Жажда открытий переполнила сознание. Интерес залил пламя страха перед ответственностью за взятую без разрешения вещь. На всякий случай, от чужих глаз подальше, залез под стол. Туда же затащил гранёный стакан с водой, отвёртку, кухонный нож с наборной рукояткой, пассатижи и огромный молоток. В стакан, стоящий в светлой полоске неба, по очереди опустил детали таинственного механизма.
– Разберу все детали. Промою как следует. Соберу снова – будут часы как новенькие. То-то отец обрадуется!
Золотые шестерёнки зигзагом опускались на дно стакана… Хромированные штырьки и гвоздики, обвитые пружиной заводного механизма, казались мне сокровищами из любимого диафильма про Али-Бабу и сорок разбойников. Внезапно чёрная туча накрыла солнечную дорожку. «Послышались тяжёлые шаги Карабаса-Барабаса, и кто-то таинственный захлопнул дверь в волшебную страну», – весело подумалось мне, не желающему возвращаться из сказки в реальный мир.
– Твою мать! Ты что сделал с часами, засранец?!
– Петя, не ругай мальчишку. Он ведь интересуется механизмами, познаёт мир. Может, инженером станет.
– Да как мне, Полина, без часов? Их ведь теперь никакой кудесник не восстановит!
Отцовская рука выхватила стакан с шестерёнками из-под стола. Всё, что осталось от надёжного хронометра. Голоса родителей стихли. Меня не наказывали, но надолго забыли под столом.
Албошка
В школу меня отдали в шесть лет. Как таковой школы в поселке и не было. Помнится приземистый дом из двух комнат. В каждой комнате стояло по четыре облезлых парты в два ряда. Учитель одновременно объяснял тему урока в первом и третьем классах, затем переходил в другую комнату. Там он повторял всё сказанное ученикам второго и четвёртого классов. Весь первый год учёбы мне очень нравилось быстро выполнить задание и слушать увлекательные рассказы учителя для учеников из старших классов.
Особо примечательным был второй класс. В нём училось всего шесть человек. Среди них огромным ростом выделялась круглолицая девушка.
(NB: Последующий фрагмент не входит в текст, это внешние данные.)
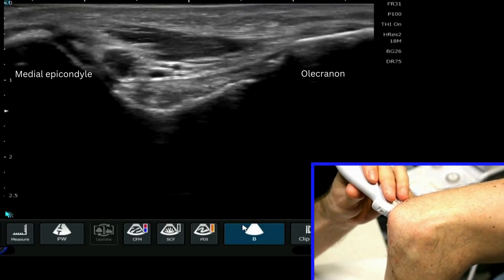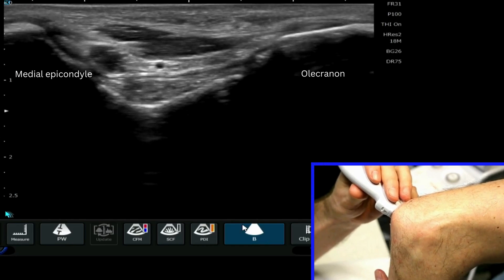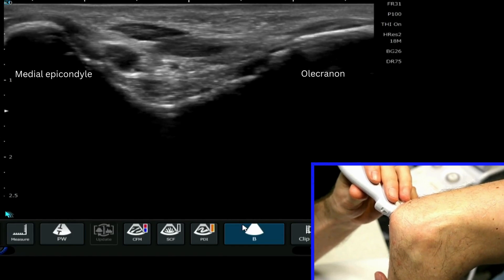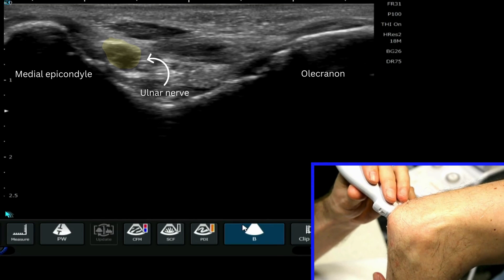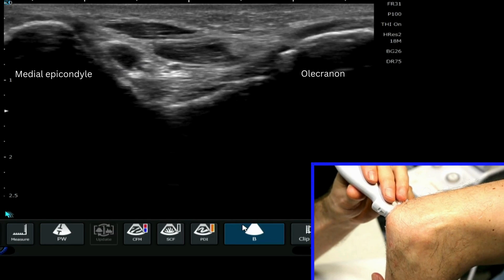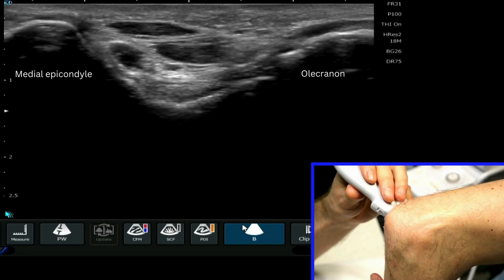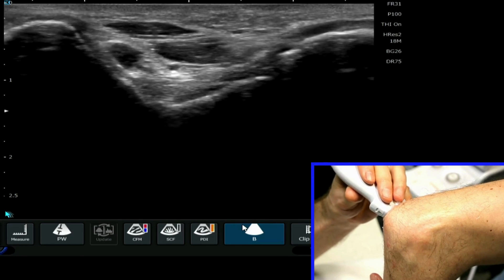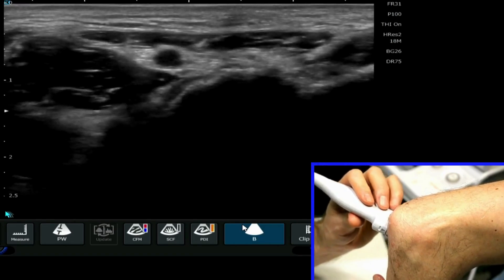For this next video tutorial we're going to look at the cubital tunnel, and in particular we're going to identify the ulnar nerve and some of the ligaments in this area. We start by scanning the posterior medial aspect of the elbow joint, with one edge of the probe on the medial epicondyle and the other edge on the olecranon, scanning down to help identify the ulnar nerve.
Позже мне стало понятно, что девица та по причине хронической неуспеваемости ежегодно оставалась сидеть во втором классе. И когда меня привели в первый класс, она должна была бы учиться, как говорили, уже в восьмом! Звали её Албошка.
Почему её образ закрепился в детском сегменте моего сознания, не знаю. Помню лишь, что она могла во время урока встать и молча пойти на выход из класса. На изумлённый вопрос строгого учителя: «Куда, Албошка, пошла?» – она простодушно ответила: «На двор! Ср…ть!» Разумеется, в более откровенной транскрипции. Не знали мы, первоклассники образца 1961 года, даже слов таких – «инклюзивное образование».
Глава II. Юность
Первая любовь
Первая любовь обрушилась на меня в пятом классе. По весне. В конце учебного года моё примерное поведение дало трещину. Юноша почувствовал запах женщины… Однажды в раздевалке, случайно задев платье Вальки Акмилашевой, признанной красавицы класса, увидел её не по-детски припухлые ляжки и кончик трусов. Все остальное воспалённое сознание мгновенно дорисовало. Весь день ходил с онемевшим животом и страстным желанием залезть к ней под форменный фартук.